Sin más dilación, los pasos se dirigen al carromato de madera pintado de rojo chillón donde el avejentado y desastrado Sai Na muestra una abigarrada colección de baratijas y recuerdos pensados para los peregrinos, pero salpicada de algunas piezas verdaderamente interesantes y de genuino valor a ojos de Zhang Minze: una delicada vasija o botella de porcelana vidriada, decorado con flores y motivos vegetales (de la era Ming tardía, calcula), una caja de madera de cerezo con preciosas incrustaciones de nácar, una antigua almohada de madera y marfil, un frasquito de cristal labrado que parece un tintero y alguna otra fruslería. Zhang negocia hasta hacerse con la vasija y enseguida comienzan las preguntas. Sai Na se muestra primero esquivo y después contrariado. Está claro que algo oculta y su resquemor va en aumento, tan solo apaciguado parcialmente por la transacción. Así que finalmente, y puesto que ya está anocheciendo, recoge su puesto a toda prisa y se interna rápidamente por el dédalo de callejuelas que rodean la plaza del mercado.

Tras la espantada del comerciante, Gurney decide seguirlo discretamente hasta una vieja casa con patio y entrada de carruajes, donde Sai Na desaparece. Parece un tanto venida a menos, sus tejadillos con vigas labradas sugieren que hace décadas fue morada de una familia próspera, hoy venida a menos. Gurney regresa al hostal y allí se disponen a pasar la noche, adoptando diversas precauciones para evitar visitas indeseadas. Zhang opta por pasar la noche al raso, oculto en el callejón, bajo las ventanas de los demás investigadores… y su idea da fruto: pasada la medianoche, dos figuras de talla infantil se aproximan sigilosas y trepan a la ventana de Perkins para forzarla y entrar.

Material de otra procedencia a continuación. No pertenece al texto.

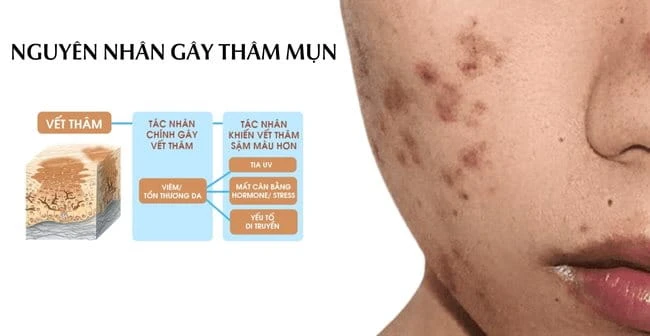 Serum trị thâm mụn hiệu quả sau điều trị mụn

Zhang da la alarma y se apresta a capturar la primera figura cuando trate de huir, mientras deja marchar a la segunda calle abajo.

¡Sorpresa! Entre los brazos de Zhang lo que hay es una estatuilla funeraria, ahora inerte. Pero el rastro de las huellas en el barrizal es bien claro y se aprestan a recortar distancias. Finalmente llegan a las murallas de la ciudad, cerradas a cal y canto durante la noche, pero los indicios les permiten descubrir una grieta oculta en los ciclópeos muros. Tan solo Gurney es capaz de escurrirse entre los cascotes y el mortero reseco, para salir a campo abierto. Franqueando los arrabales, las huellas conducen al viejo cementerio norte, desierto bajo la llovizna pertinaz y envuelto en un sudario de neblina. William consigue dar con su meta cuando un claro entre las nubes permite que la luna ilumine una lona, que restalla entre la negrura, en una hondonada apartada de la carretera principal. El tono beige de la gutapercha se funde con el terreno polvoriento y esconde una zanja que se interna en el subsuelo. Armado de su mechero, Gurney sigue las huellas y se interna en lo que parece una antigua catacumba, semiderruida, donde reina un fuerte olor a polvo y humedad. En el suelo se aprecian tanto pisadas de pies minúsculos como otras de adulto. Tras descender unos metros y doblar un par de esquinas entre telarañas y cascotes, alcanza una sala donde, en la penumbra, distingue una serie de ataúdes dispuestos en repisas. En el centro se yergue un círculo de estatuillas de terracota y porcelana ricamente vestidas, entre las que se alza la figura que perseguía. Parecen músicos o cortesanos, bellamente moldeados, pero lo que llama su atención es que custodian un montón de monedas de arcilla sobre el que descansan otros objetos: el báculo de Thaddeus Johnson, el estuche de Rosenthal, varias vasijas de porcelana y cristal, un peine de nácar y carey, un juego de útiles de escritura, una almohada de porcelana labrada… Se inclina para recoger el bastón y el estuche, pero en cuanto los toca, nota que los ojos de dos de las estatuillas cobran vida y se clavan en él. Asustado, deja caer los objetos y trastabilla para darse la vuelta y salir a la superficie, mientras a su espalda se oyen las pisadas rítmicas y dos inquietantes vocecillas aflautadas lo conminan a esfumarse : “¡Fuera, fuera, ladrón, ladrón!”.

Dodge 30

Tras unos instantes de carrera con el corazón desbocado, azuzado por el terror, Gurney recobra el aliento apoyado contra la muralla y regresa (con las manos vacías) discretamente al hostal, donde el resto del grupo ya se ha congregado.